Он, конечно, знал, что нелюбовь Чу Ваньнина к горькому находится где-то на грани фобии. Но старейшина Юйхэн был упрям как мул. Если бы он был в сознании, то без жалоб стерпел бы и самоотверженно залпом осушил всю чашу. Самое больше, что он мог бы себе позволить, — это, сохраняя каменное выражение лица, украдкой съесть конфетку.

К сожалению, сейчас Чу Ваньнин был без сознания, и с этим было ничего уж не поделать. Какой смысл кричать и злиться на человека, который находится без сознания? Поэтому Мо Жаню пришлось набраться терпения и ложка за ложкой вливать в него лекарство, вытирая платком уголки губ.

На самом деле для Мо Жаня это не было такой уж невероятно трудной задачей. В его прошлой жизни был такой период, когда, несмотря на постоянные попытки воспротивиться его воле, ему постоянно приходилось поить Чу Ваньнина лекарством. Чтобы сломить это молчаливое сопротивление, Мо Вэйюй бил его по лицу, прежде чем схватить за челюсть и грубо сжать ее. А потом целовал разбитые губы, просовывая язык как можно глубже, чтобы насладиться этим упрямым ртом и медным запахом крови...

Стараясь как можно меньше думать об этом, Мо Жань ускорил процесс кормления лекарством. Из-за его небрежности последние несколько ложек Чу Ваньнин выкашлял. Закончив с этим, Мо Жань уложил его обратно в постель, не слишком нежно подоткнув одеяло.

— Будем считать, что сегодня я был образцом доброты и великодушия. Не смей сбрасывать одеяло ночью! У тебя лихорадка — не накрывшись, точно простудишься и…

На середине фразы он вдруг вспылил и пнул ножку кровати.

— Да какая мне разница, простудишься ты или нет?! Даже если и так! Я надеюсь, что ты разболеешься так, что в итоге наконец-то сдохнешь!

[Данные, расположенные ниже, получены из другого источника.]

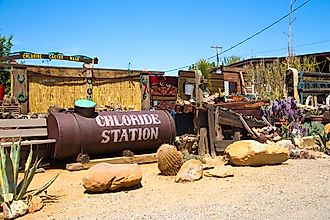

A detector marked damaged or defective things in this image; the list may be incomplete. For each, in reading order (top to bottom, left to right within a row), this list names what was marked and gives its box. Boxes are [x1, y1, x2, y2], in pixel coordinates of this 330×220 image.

rusty metal tank [47, 111, 177, 159]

Он повернулся и пошел прочь. Когда Мо Жань уже дошел до двери, то почувствовал, что все еще не может успокоиться, поэтому повернулся и прищурился в раздумье. Сообразив, что не так, он вернулся к столу, задул свечу и вышел в тишину ночи. Когда он добрался до пруда с лотосами, то увидел, что после поглощения жизненной энергии из крови Чу Ваньнина почти все цветы расцвели, и раздражение в его сердце только усилилось.

Прикрыв смущение вспышкой гнева, он внезапно повернул назад. Руки и ноги двигались как будто сами по себе. Попетляв вокруг надводного павильона, еле волоча ноги, словно старый, ржавый механический воин, Мо Жань снова неохотно подошел к кровати Чу Ваньнина. Лунный свет мягко лился из полуприкрытого бамбуковой шторкой окна, освещая умиротворенное, благородное лицо Чу Ваньнина. Его губы были бледны, а брови — слегка нахмурены.

Немного подумав, Мо Жань все-таки закрыл окно. В таком влажном месте оставить окно открытым во время сна было совсем не полезно для здоровья. Сделав это, Мо Жань мысленно поклялся: «Я буду тупой псиной, если сегодня еще раз войду в эту дверь!»

Уже у двери на улицу он услышал за спиной тихий шорох. Чу Ваньнин сбросил с себя одеяло.

Мо Жань: — …

«И что мне делать с привычкой этого человека сбрасывать одеяло во время сна?»

Чтобы не быть тупой псиной, шестнадцатилетний Наступающий на Бессмертных Император проигнорировал случившееся и пошел дальше.

«Я не отступлю от своего слова и не войду снова в эту дверь!»

Однако через некоторое время…

Блистательный и всемогущий император открыл окно и запрыгнул в комнату.

Он поднял с пола одеяло и накрыл им Чу Ваньнина. Услышав тяжелое, прерывистое дыхание, увидев, как дрожит свернувшееся калачиком в углу кровати тело, Мо Жань почувствовал, как уходит гнев, который последние годы был самым привычным чувством по отношению к этому человеку.

И пусть на языке привычно вертелось: «так тебе и надо», — но сердце все равно немного болело за него.

Поэтому Мо Жань сидел у кровати, следя за тем, чтобы он снова не сбросил одеяло, пока усталость наконец не сморила его. Склонив голову, он задремал.

Сон его не был спокойным. Чу Ваньнин ворочался с боку на бок, и Мо Жаню казалось, что сквозь сон он слышит, как тот тихо стонет.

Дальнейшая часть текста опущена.